Blues Again : Comment le groupe est-il né ?
Boneyard Moan : Nous avions envie de revenir aux racines du blues après avoir eu une aventure dans un groupe de bluesrock qui s'est terminée. Le principe était de jouer dans les bars en acoustique (guitare, chant, harmonica, percussions) sans aucune prétention, juste pour le plaisir de continuer à jouer ensemble. Puis au fur et à mesure des compositions sont nées, on a remplacé la percu par une batterie, la guitare acoustique par une guitare électrique et ensuite nous avons fait appel à un bassiste.

Depuis quand existe-t-il ?
Notre premier concert  s'est déroulé en novembre 2011, à deux, en acoustique (guitare, chant, harmonica, cajon) et ensuite la formule trio électrique en 2013. C'est essentiellement John (chanteur, guitariste) qui apporte l'essentiel (texte, chant, riffs de guitare) et nous arrangeons le reste avec la basse et la batterie.

Pourquoi ce nom ?
Nous pourrions traduire Boneyard Moan par "chansons de cimetière". Les cimetières ont un statut mythique dans l'histoire du blues. On pense notamment aux légendes du blues qui répétaient parfois dans les cimetières (les allusions avec le  diable !). Beaucoup de bluesmen parlaient de la mort, etc... Ce n'est à la base pas une musique joyeuse.

Qui sont les fossoyeurs ?
John Vander : guitare, chant, harmonica, originaire de Glasgow, venu vivre en France en 2005.
Fred Hays : batterie, originaire de Nancy, évolue dans plusieurs formations musicales depuis 2000.
Max Nominé : basse, professeur de musique près de Saint Dizier, guitariste de formation, joue dans plusieurs groupes également.

Comment s’est fait la rencontre entre vous ?
Dans un bar bien sûr !

Quelles ont été vos influences ?
Early blues music, rock-blues des années 60, Bob Dylan, Seasick Steve...

Où et quand avez-vous fait votre premier concert?
Nous avons fait notre premier concert dans un petit bar à Nancy en acoustique en novembre 2011. Sinon notre premier concert en trio était dans les Vosges durant l'été 2013. Maintenant nous faisons en moyenne une vingtaine de concerts par an.

Votre plus belle expérience sur scène ?
Une fois, nous avons reçu une culotte...

blues

En quoi la scène est-elle indispensable ?
C'est le meilleur moyen de communiquer notre musique. C'est la forme de communication la plus pure, la plus vraie. C'est un endroit où l'on se sent bien.

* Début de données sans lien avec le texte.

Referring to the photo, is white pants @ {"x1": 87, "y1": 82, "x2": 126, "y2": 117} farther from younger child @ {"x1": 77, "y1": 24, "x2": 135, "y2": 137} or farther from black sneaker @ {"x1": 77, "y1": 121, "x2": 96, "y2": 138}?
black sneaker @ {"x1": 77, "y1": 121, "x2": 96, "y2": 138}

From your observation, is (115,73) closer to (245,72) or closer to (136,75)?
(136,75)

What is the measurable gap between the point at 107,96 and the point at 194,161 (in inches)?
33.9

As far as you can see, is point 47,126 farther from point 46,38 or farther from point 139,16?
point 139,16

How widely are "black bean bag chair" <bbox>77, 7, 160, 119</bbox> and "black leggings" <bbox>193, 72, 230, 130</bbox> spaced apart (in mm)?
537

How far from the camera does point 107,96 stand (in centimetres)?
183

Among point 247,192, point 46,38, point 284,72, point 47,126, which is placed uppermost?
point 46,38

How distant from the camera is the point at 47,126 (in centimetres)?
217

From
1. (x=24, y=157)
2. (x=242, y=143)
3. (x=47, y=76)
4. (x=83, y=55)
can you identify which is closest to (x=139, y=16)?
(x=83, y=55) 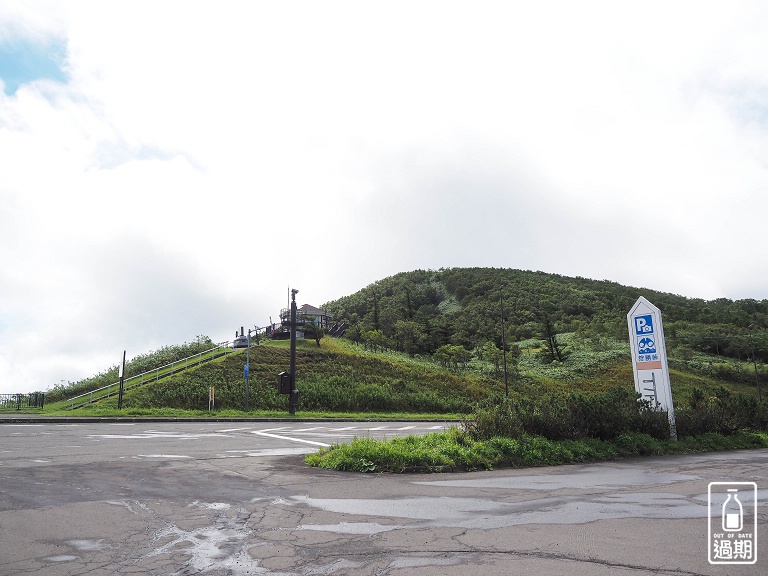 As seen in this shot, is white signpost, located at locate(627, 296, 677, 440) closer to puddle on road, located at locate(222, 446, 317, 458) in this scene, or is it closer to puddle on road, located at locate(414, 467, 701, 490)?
puddle on road, located at locate(414, 467, 701, 490)

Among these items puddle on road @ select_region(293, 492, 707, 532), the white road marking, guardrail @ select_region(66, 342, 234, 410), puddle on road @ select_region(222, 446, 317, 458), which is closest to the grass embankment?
puddle on road @ select_region(222, 446, 317, 458)

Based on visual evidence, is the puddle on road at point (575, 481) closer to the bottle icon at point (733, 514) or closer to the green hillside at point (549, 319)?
the bottle icon at point (733, 514)

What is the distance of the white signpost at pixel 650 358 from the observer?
581 inches

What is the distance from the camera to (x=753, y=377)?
224 feet

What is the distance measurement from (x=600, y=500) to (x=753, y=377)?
75.7 metres

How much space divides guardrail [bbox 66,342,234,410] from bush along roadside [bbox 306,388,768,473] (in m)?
28.9

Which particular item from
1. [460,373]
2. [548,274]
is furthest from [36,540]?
[548,274]

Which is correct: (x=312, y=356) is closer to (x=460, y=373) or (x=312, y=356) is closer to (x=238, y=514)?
(x=460, y=373)

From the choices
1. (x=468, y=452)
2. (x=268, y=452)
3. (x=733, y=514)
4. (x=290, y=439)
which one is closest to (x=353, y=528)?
(x=733, y=514)

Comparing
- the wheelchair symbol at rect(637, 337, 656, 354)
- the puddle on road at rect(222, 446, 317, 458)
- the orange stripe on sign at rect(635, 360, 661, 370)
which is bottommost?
the puddle on road at rect(222, 446, 317, 458)

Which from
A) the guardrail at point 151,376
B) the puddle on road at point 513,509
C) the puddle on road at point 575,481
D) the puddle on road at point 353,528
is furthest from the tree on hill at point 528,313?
the puddle on road at point 353,528

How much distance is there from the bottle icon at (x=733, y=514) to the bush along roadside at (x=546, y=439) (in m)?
4.12

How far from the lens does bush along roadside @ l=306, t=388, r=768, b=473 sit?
10.4 m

Boneyard Moan, association communautaire ou simple entreprise professionnelle ?
C'est les deux, pour nous la musique est essentielle. C'est toujours un plaisir de jouer ensemble, de partager notre musique avec le public. C'est une expérience communautaire et effectivement pour certains membres du groupe c’est aussi un moyen de gagner sa vie.

Répétez-vous beaucoup ?
On ne répète pas beaucoup, John apporte les compos et le reste arrive naturellement. Notre musique est assez simple, primitive, on fait vivre les morceaux en live cela garde une certaine fraîcheur. On répète pour composer, arranger et après on envoie la sauce.

3 ou 4 musiciens de référence qui font l’unanimité dans le groupe ?
Seasick Steve, Elmore James, Muddy Waters.

Comment définiriez-vous le style du groupe ?
High voltage Voodoo.

Comment est né CD ‘Lies & Moonshine’ ?
C'est John qui compose tous les morceaux et il définit l'album comme suit: «Their music is both powerful and melodic. It is the music of slide guitar and wailing harmonica. It speaks of love and hate, of alcohol and loss, of the beauty of life and the inevitability of death. It is music from another time, but it's here and it's now. Don' t miss it. ».
(« Leur musique est à la fois puissante et mélodique. C’est la musique de la slide guitar et de l'harmonica plaintif. Ça parle d'amourblues et de haine, d'alcool et de perdition, de la beauté de la vie et de l'inéluctabilité de la mort. C’est la musique d'un autre temps, mais elle est ici et maintenant. Ne passez pas à côté »).
Nous avons enregistrer dans un vieux hangar avec Romain Aweduti qui a ramené tout son studio dans ce lieu parfait pour ce disque. Nous sommes complétement autoproduits, nous vendons l'album en téléchargement sur internet et surtout lors de nos concerts.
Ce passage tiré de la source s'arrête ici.